家電メーカーの船井電機は23日、林朝則社長(69)が6月28日付で相談役に退き、後任に前田哲宏取締役(61)が就くと発表した。創業者の船井哲良会長(89)は代表権を返上し、取締役相談役になる。
2016年3月期決算で最終的なもうけを示す純損益が過去最大の赤字額となったのを受け、責任を明確化して経営陣の若返りを図る。
売上高の7割を占めるテレビ事業は北米を中心に拡大してきたが、低価格化などで収益が悪化。純損益は11年3月期以降、5度の赤字となった。14年10月には当時の上村義一社長がわずか9カ月で退任し、前任の林氏が社長に復帰したが、経営を立て直せなかった。
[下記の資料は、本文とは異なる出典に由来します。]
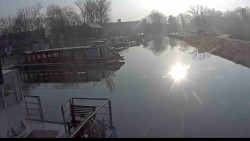 Přístav Veselí nad Moravou na Baťově kanále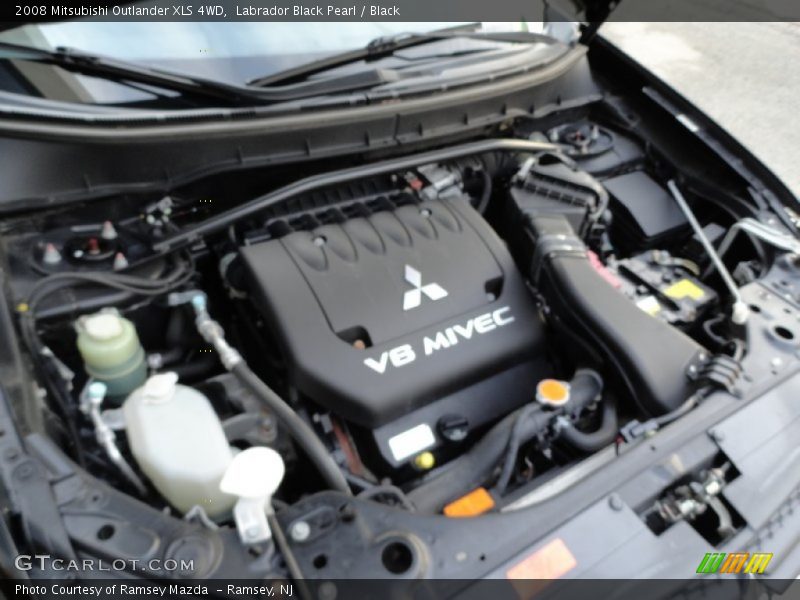 Labrador Black Pearl / Black 2008 Mitsubishi Outlander XLS 4WD
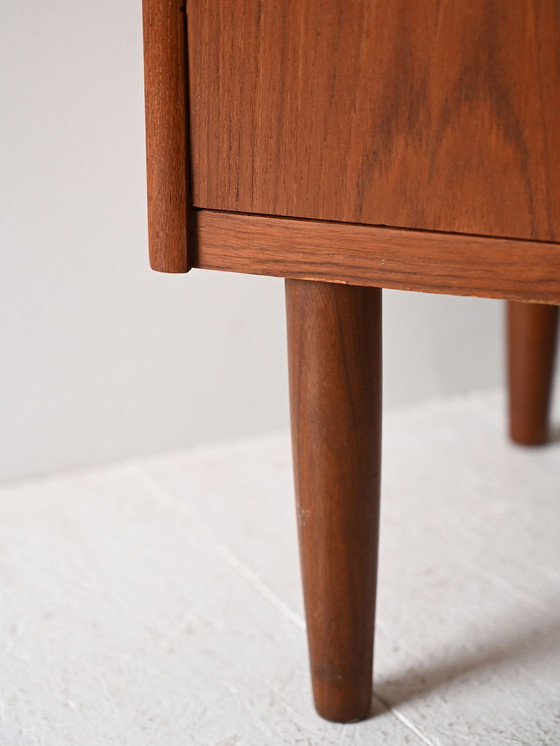 Image 1 of Commode danoise vintage en teck, 1960 - Finition foncée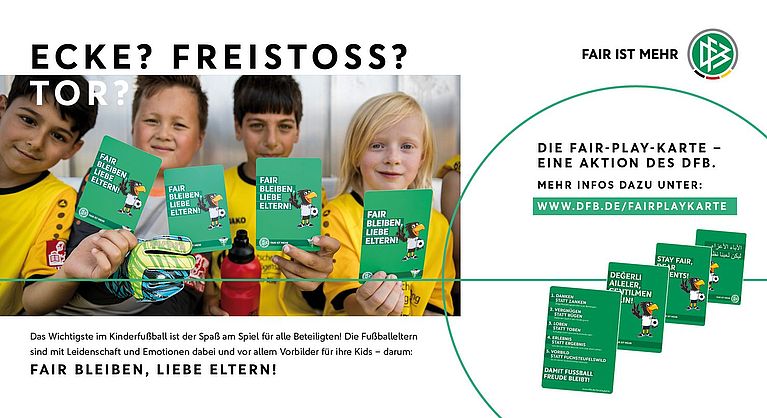 250.000 Fair Play-Karten für Kinderfußball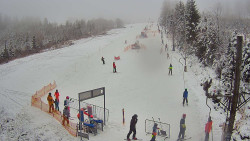 Kamera u nástupu na vlek svah A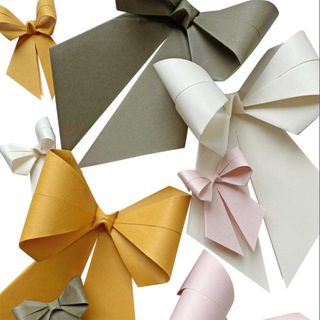 origami paper bow Christmas decorations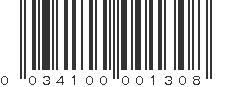 UPC 034100001308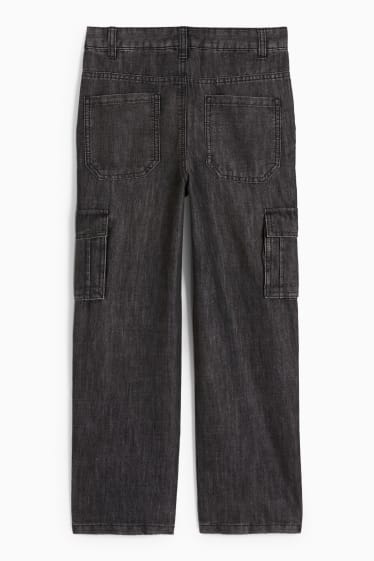 Niños: niños - Loose fit jeans - vaqueros - gris oscuro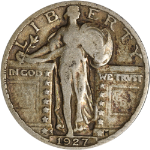 1927-S Standing Liberty Quarter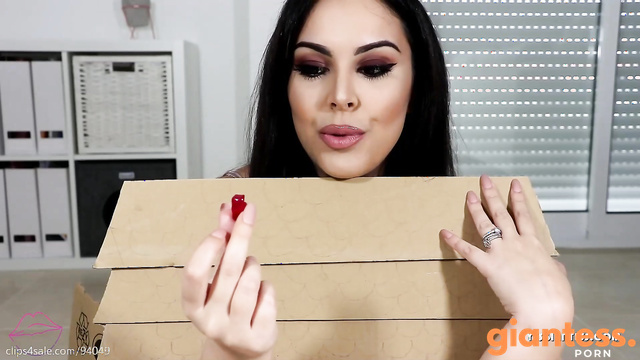 Sweet Maria - Giantess Maria In Wonderland Swallowing Gummy Bears In House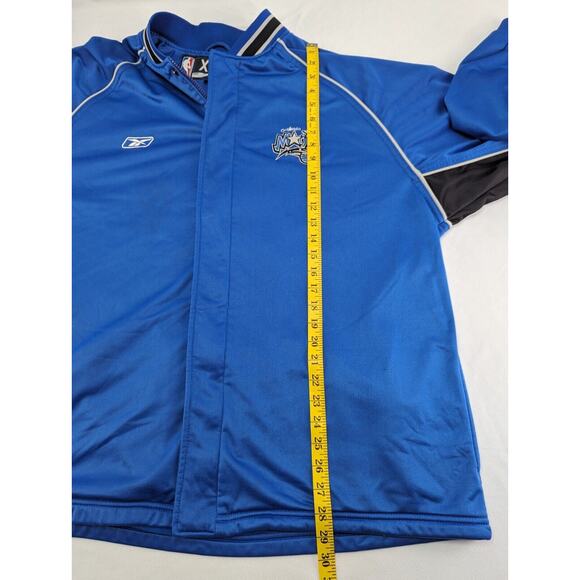 Vintage Reebok Orlando Magic 90s Warm-Up Jacket XL Blue - Picture 14 of 16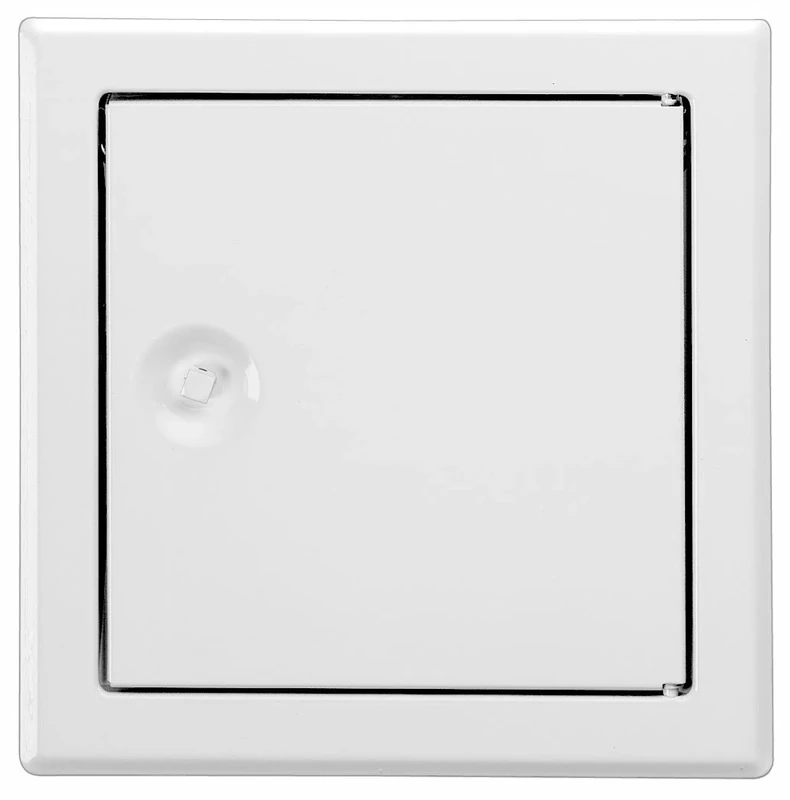 Inspection Door Sheet Steel White with Square Lock 20 x 20 cm
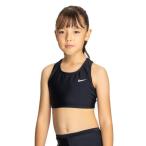 ナイキ(NIKE)(キッズ)スクール水着 ジュニア 女子 水泳 スイムブラトップ 黒 140-170センチ 1991110-009 スイムブラトップ インナー 海 プール スイマー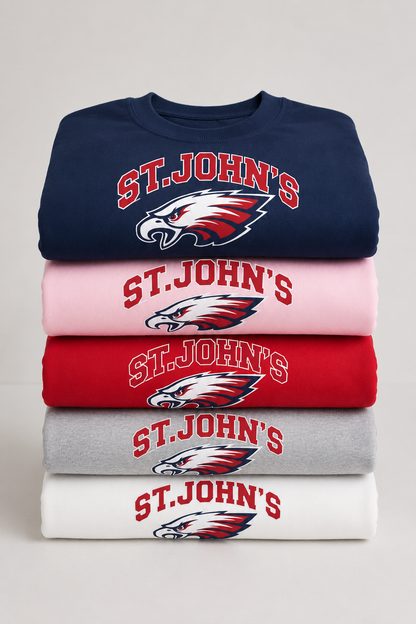 Adult Collegiate Crewneck Sweatshirt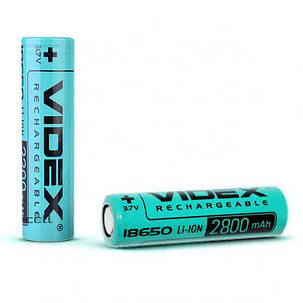 Акумулятор Videx 18650 2800mAh Li-ion 3.7V, фото 1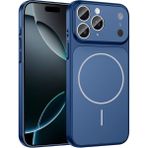 Apple iPhone 11 Pro Max Uyumlu Kılıf Zebana Titanmag Kılıf (Iphone 17 Pro Max Görünümlü) Mavi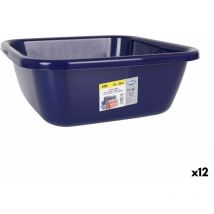 DEM - Barreño eco azul cuadrado 15 l 38 x 38 x 15 cm (12 unidades)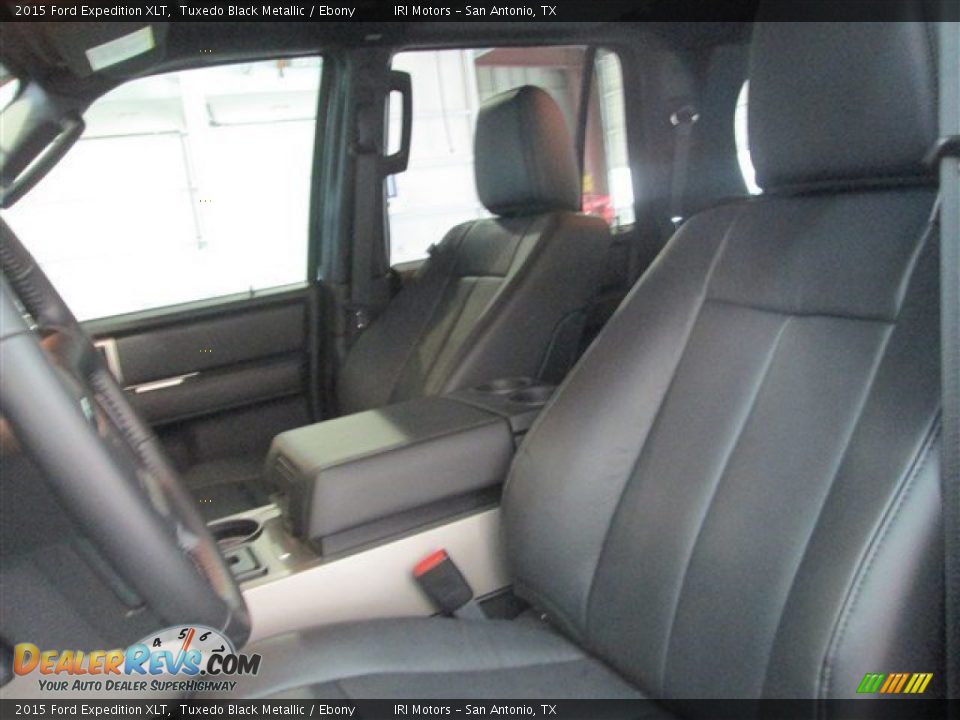 2015 Ford Expedition XLT Tuxedo Black Metallic / Ebony Photo #10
船井電機は、船井氏が24歳でミシンの問屋として事業を起こしたのが源流。船井氏は61年に船井電機を設立して社長に就任。90年代以降、米小売り大手ウォルマート向けのテレビ事業で売り上げを伸ばした。08年に会長になった後も、実質的なトップとして経営に深く関わってきた。今回、会長は退くものの、取締役として今後も経営判断にかかわる。退任にあたり、「損失を3年で取り戻し、若い世代の育成に力を入れてほしい」と話しているという。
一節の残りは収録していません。